╔══

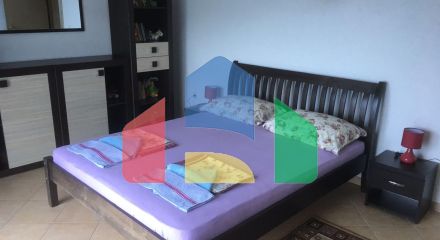 Дом в Круче с бассейном близко к морю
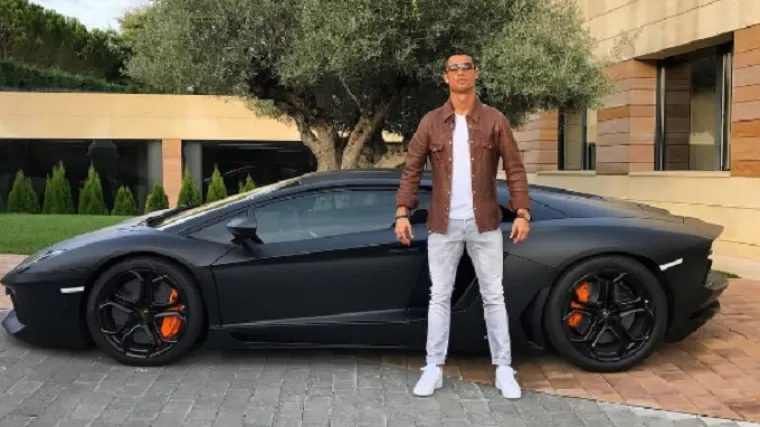 Ronaldo je sa svojim ludim bogatstvom uspio ući u povijest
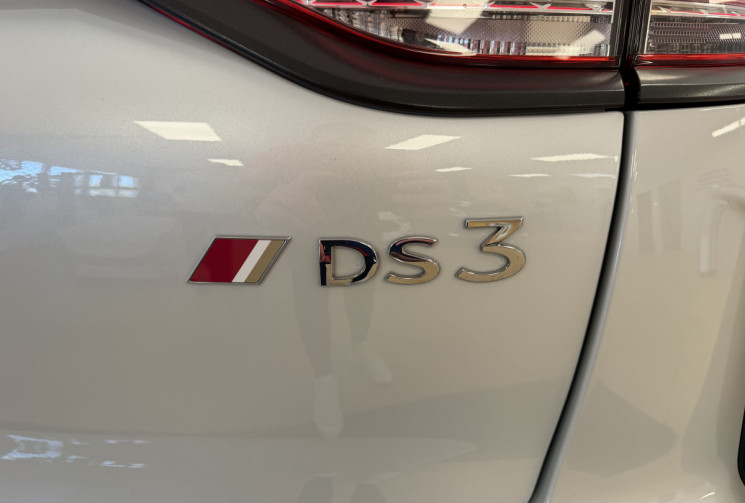 DS DS 3 CROSSBACK 1.2 PURETECH EAT8 130 PERFORMANCE LINE / 1ERE MAIN / KIT DISTRIBUTION NEUF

╚══

* WHAT IS EXPECTED
Drop the images and copy all the data exactly.

* OUTPUT FOR THIS EXERCISE
 Дом в Круче с бассейном близко к морю
 Ronaldo je sa svojim ludim bogatstvom uspio ući u povijest
 DS DS 3 CROSSBACK 1.2 PURETECH EAT8 130 PERFORMANCE LINE / 1ERE MAIN / KIT DISTRIBUTION NEUF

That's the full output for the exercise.